Я спросил, чем он теперь занимается, и услышал: недвижимостью. Но как свободный художник. Он — внештатный сотрудник одной крупной фирмы, работает на договорной оплате. И, не дожидаясь вопросов, Розенов продолжал:

— Почему бы и нет? Ведь что типично для нашего общества — нестабильность. Всем и каждому угрожает банкротство, вот все и стремятся к стабильности, всем подавай недвижимость, и чтобы все оставалось как есть, но зато в других вопросах люди хотят мобильности — тут вам и мода, и путешествия, и связи. У нас, в ГДР, раньше все было как раз наоборот: недвижимость никто не считал ценностью, да и не имело это смысла, зато все наше гэдээровское общество было одной большой недвижимостью.

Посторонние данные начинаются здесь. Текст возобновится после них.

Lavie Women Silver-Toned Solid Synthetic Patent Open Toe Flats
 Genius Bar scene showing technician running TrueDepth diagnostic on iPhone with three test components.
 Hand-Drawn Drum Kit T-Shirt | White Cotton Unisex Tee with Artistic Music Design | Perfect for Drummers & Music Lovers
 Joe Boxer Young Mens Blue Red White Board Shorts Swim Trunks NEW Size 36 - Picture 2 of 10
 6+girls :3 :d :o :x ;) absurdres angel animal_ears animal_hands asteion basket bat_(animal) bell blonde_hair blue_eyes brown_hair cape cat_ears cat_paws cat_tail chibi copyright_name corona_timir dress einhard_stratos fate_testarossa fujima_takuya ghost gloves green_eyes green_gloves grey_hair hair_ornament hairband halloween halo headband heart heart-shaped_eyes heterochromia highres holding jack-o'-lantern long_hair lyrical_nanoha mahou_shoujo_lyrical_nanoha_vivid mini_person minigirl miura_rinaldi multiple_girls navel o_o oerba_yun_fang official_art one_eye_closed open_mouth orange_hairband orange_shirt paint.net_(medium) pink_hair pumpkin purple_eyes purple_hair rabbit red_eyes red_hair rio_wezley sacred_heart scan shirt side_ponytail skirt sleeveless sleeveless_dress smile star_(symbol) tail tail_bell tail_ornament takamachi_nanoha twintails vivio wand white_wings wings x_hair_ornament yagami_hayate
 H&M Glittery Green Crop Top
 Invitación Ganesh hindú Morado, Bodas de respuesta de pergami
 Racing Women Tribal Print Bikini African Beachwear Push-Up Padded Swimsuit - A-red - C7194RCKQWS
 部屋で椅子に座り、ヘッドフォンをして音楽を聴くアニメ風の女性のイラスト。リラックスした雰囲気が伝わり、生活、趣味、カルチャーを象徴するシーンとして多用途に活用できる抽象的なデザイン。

Я начал опасаться, что придется выслушать пространную лекцию на тему «О коренных различиях между капитализмом и социализмом», и поспешил спросить:

— Вам не приходилось слышать о сорте картофеля, который называется «Красное деревце»?

— Никогда! — Розенов засмеялся. — Видите ли, я, конечно, занимался историей культуры, но картофелем — нет, не случалось. В прошлом моей специальностью было территориальное планирование в период с начала века до сорок пятого года. Конкретно — Берлин и Бранденбург. Как вы понимаете, сегодня, после объединения, мои знания представляют немалую ценность.

Официант принес минеральную, разлил по бокалам.

— А Роглер чем занимался?

— Сельским хозяйством. Потом стал специализироваться на истории картофелеводства. Потратил много лет, пытаясь организовать выставку на эту тему. Разрабатывал концепции выставки, одну, другую, бесконечно. Всякий раз партийное руководство к чему-нибудь придиралось. Волынка тянулась почти до самого объединения Германии… Роглер в своей области был корифеем. Картофель, если можно так выразиться, пустил корни в его сердце. — Розенов засмеялся, но добродушно, без ехидства. — Мечта Роглера, грандиозная выставка… Он хотел реабилитировать непритязательный овощ, добиться прежде неслыханных вкусовых изысков. Причем именно здесь, в Восточной Германии, где картошка распространена, как нигде на всей земле. Должным образом приготовленная картошка могла бы, по мысли Роглера, стать для нас тем, чем для итальянцев являются макароны. Он мечтал вывести ее на такой же уровень качества, ведь наша народно-демократическая картошечка была водянистой и безвкусной, попросту отвратительной.

Он выловил вилкой и сбросил на блюдце кусочки льда из своего бокала, осторожно отпил воды.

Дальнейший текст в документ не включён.